WORK REQUIRED
Output each line of the data below exactly, omitting any image.

DATA SECTION

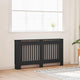 Vidaxl radiatorafdekking 2 pcs zwart 152 x 19 x 81,5cm bewerkt hout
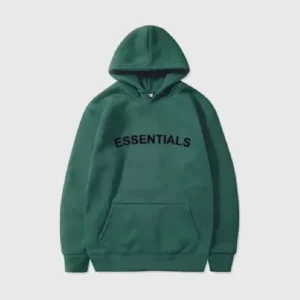 Oversized Essentials Hoodie Green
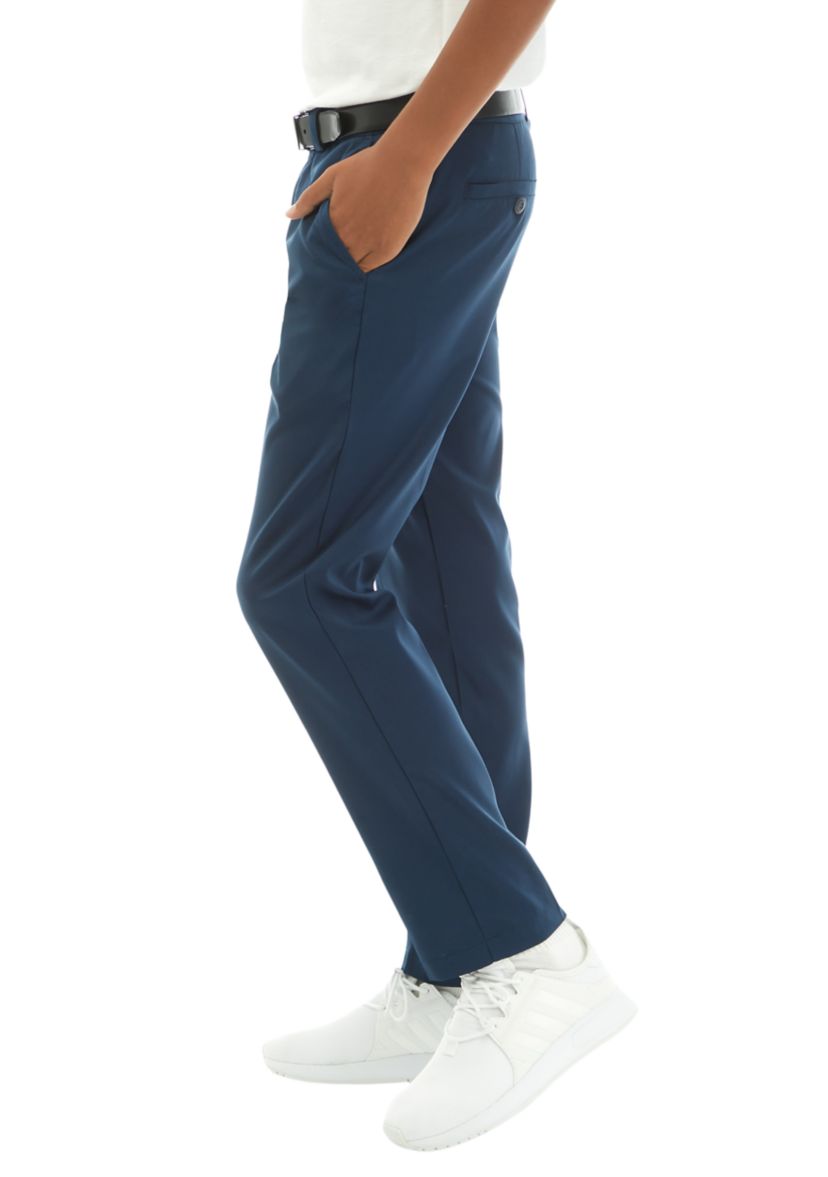 Boys 8-20 Solid Flat Front Pants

SOLVED PROBLEM
 Vidaxl radiatorafdekking 2 pcs zwart 152 x 19 x 81,5cm bewerkt hout
 Oversized Essentials Hoodie Green
 Boys 8-20 Solid Flat Front Pants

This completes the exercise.